I. Definition

Project Overview

AirBnB is an online platform for accomodation. Since its launch in 2008, it provides now 3,000,000 lodging listings in 65,000 cities and 191 countries (source : wikipedia).

In Berlin, amongst the 17,810 registered hosts, 13% are considered as active users (the last review was done in the last 10 days). The first member registered in 2008, and there are 20,576 offers as of may 2017, 7700 being considered as active*.

In this study, we will focus on the full appartments offered on AirBnB in Europe, with a focus on Berlin.

For the context, here are some charts to understand the situation of Berlin amongst the others world-class cities in term of tourism :

active listing : listing with an availability for the next 90 days higher than zero and with at least one review in the last 60 days.

Visitors vs expenditures
AirBnB renting structure

For a population of 3,5 Millions inhabitants, Berlin has a relatively low number of active offers compared to Amsterdam (population 0,85 Millions) or Barcelona (population 1,6 Millions).

Full appartments availability coming 30 days
Full appartments prices

In term of price and availability, Berlin ranks in the average value on the european scale.

Since may 2016, the renting of full appartments is strictly regulated in Berlin : it requires an authorization from the city Authorities, In 2016, only 58 authorizations have been delivered by the city for 800 applications.

On the chart below, we see the effect of this regulation : the numbers of listings drops, then rise again, with a similar trend for the price.

Evolution of active listings in Berlin
Evolution of prices

Then, looking at the localisation as of may 2017 :

Localization of active offers in Berlin

We observe three clusters for the multihost listings in Berlin :

• In Mitte,
• In Friedrichshain,
• In Neukoeln.

One of the consequence of the spread of such a disruptive platform is a shortage of affordable housing for the locals. InsideAirBnB, an online activist organization, regulary scraps the entire AirBnB offers for a selection of cities, including Berlin.

Using those data, we can identify professional hosts that potentially break the local regulation.

Problem Statement

Using those data, we can determine which features characterize the best professional hosts (aka multihosts), ie hosts with more than one active listing.

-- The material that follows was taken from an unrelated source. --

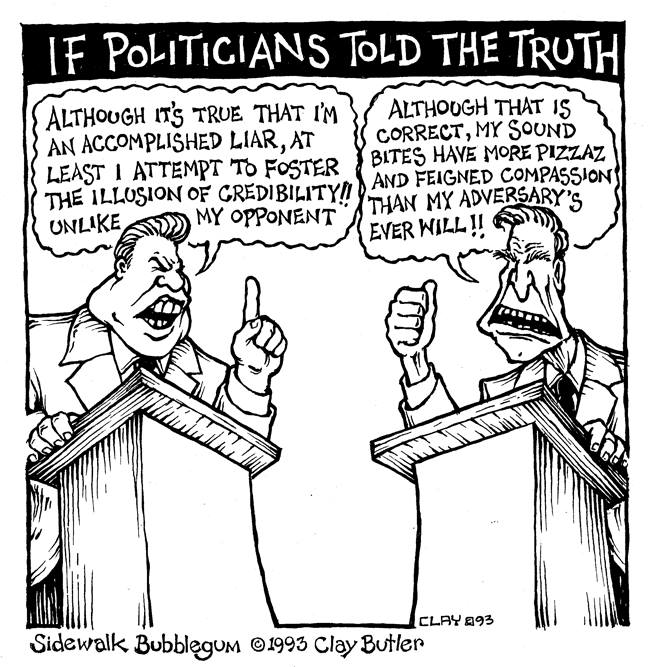 If politicians told the truth.jpg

Ratio of multihost per city

With those selected features, we then build classification models and select the best to identify the professionals.

This model should identify at leadt 90% of the full appartments managed by a professionals.

To solve this problem, we proceed in the following steps :

• filter the dataset on the appartments (i.e full appartments) likely to be offered by professionals,
• process the raw listing provided by InsideAirBnB, the reviews text and appartments pictures,
• convert those data into usable features,
• identify the best features,
• run different classification models
• select the best one.

Metrics

In our context, the aim is to minimize the cost of investigating potential law breakers. In other words, the model should classify the multihost with the lowest False Positive rate (listings classified as multihost, but single host in reality).

To evaluate the quality of our classification model, we will use the standard metrics :

• recall (to evaluate the FPR)
• F1 Score (to get an overall metrics of the classifier)

II. Analysis

Data Exploration

The dataset has been built via the web scraping of the AirBnB website, thus we can considere this is a partial dump of the original database. Formatted as a text file, there are around 100 features available per appartment : price, availability for the next days, picture of the appartment, number of reviews, coordinates, list of offered amenities, etc..

The dataset consists in four tables : the listings informations, the text of the reviews, the timestamp of the reviews and the booking calendar day per day for the next 365 days.

We will use the first three items to build our model.

Regarding the listing informations table,the main table with 95 features, here is a short summary :

Distribution of missing features in the main table

As we can see, most of the information are present.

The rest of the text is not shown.